A PIPELINE ALGORITHM FOR BUILDING AND STRUCTURE SHAPES GENERATION USING DERIVED LAS DATASET: AN EFFICIENT ALTERNATIVE TO MANUAL DIGITIZATION FROM ORTHOPHOTOS IN FLOOD HAZARD FEATURE EXTRACTION
Bernardino J. Buenaobra1 , Aure Flo A. Oraya1 , Aries Martin P. Openiano1 , Claurice L. Mangle1 ,
Lora Magnolia F. Cubero1 , Kirby Henriksen L. Tan1 , Arthur Gil T. Sabandal1 , Laarlyn N. Abalos1 ,
Janice B. Jamora1,2, Ricardo L. Fornis1,2 and Roland Emerito S. Otadoy1,3
USC Phil-LiDAR Research Center, University of San Carlos
Talamban, Cebu City, Philippines 6000
School of Engineering, Department of Civil Engineering, University of San Carlos
Talamban, Cebu City, Philippines 6000
Theoretical and Computational Sciences and Engineering Group
Department of Physics, University of San Carlos
Talamban, Cebu City, Philippines 6000
KEY WORDS: Floodplain, LiDAR, Computational, Height break, Workflow
ABSTRACT: In this paper we propose and describe an implementation of a computationally efficient generation of building and structure shapes which dramatically improves the manual process in flood hazard feature extraction workflow without orthophotos. The impact cuts through not only on the cost in procuring very high-resolution true color RGB images but also ultimately to the reduction of average processing time from manual editing of 4.5 hours down to just over 40 minutes using the computational approach. This time saving scheme is the result from carrying out a prescribed pipeline operation on the LIDAR LAS dataset. The principle from which the generation of our wanted shapes rely uses the convex hull set that forms an outline from the LAS data points during program execution. To contrast when orthophotos with LAS point data they represent a 2-dimensional data matrix whose elements are light intensity RGB values in their horizontal and vertical pixels alone without any depth information and do not have elevation values of the spatial surfaces. In this paper we exploit the zth value representing the relative heights and elevation from ground in the LAS cloud point data that comprise of millions of laser point returns from its coordinates in 3D space. By incremental stepping through a number of height breaks, we are able to select structures in the floodplain areas that is otherwise could be difficult by visual acuity and experience in the polygon outlining by hand alone in 2D image. A test to quantify the difference between the manually derived polygons and those by machine, we used a 2-dimensional cross correlation to yield a number for goodness of alignment. Our experience indicated that an optimum for our test case was reached after a height break of 30m from an iteration of 3-30 meters and step size of 0.5-5.0 sq. meter. The new method prototype achieved practically a one to one alignment and an improved granularity in height discrimination.

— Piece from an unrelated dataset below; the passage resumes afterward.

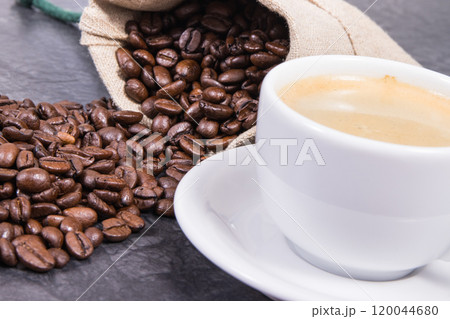 White cup of coffee and roasted fragrant dark coffee grains in bag 120044680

1.1 A work flow background review
The current practice Phil-LIDAR 1 feature extraction requires the selection of 5 km x 5 km blocks. These are to be covered from areas that are historically known to experience flooding due to and brought about by natural hydrological processes that could be seasonal. These blocks will be delineated following a processing workflow as depicted in Figure 1. For the most part the feature analyst or editor for the floodplain need to use one’s judgement to select features from a true color image such as from an orthophoto or DSM derivative from the usual (d,v,s,t) ascii data supplied from data acquisition group which preprocesses flight missions data . A constraint is placed so that for example a 2m above structures and 25 sq. m area as an accepted criterion and anything below that is discarded. The analyst or data processor then draws by hand the outline of the structure based on his or her visual perception of depth or rise from the input photo of area under study or from a featureless DSM raster.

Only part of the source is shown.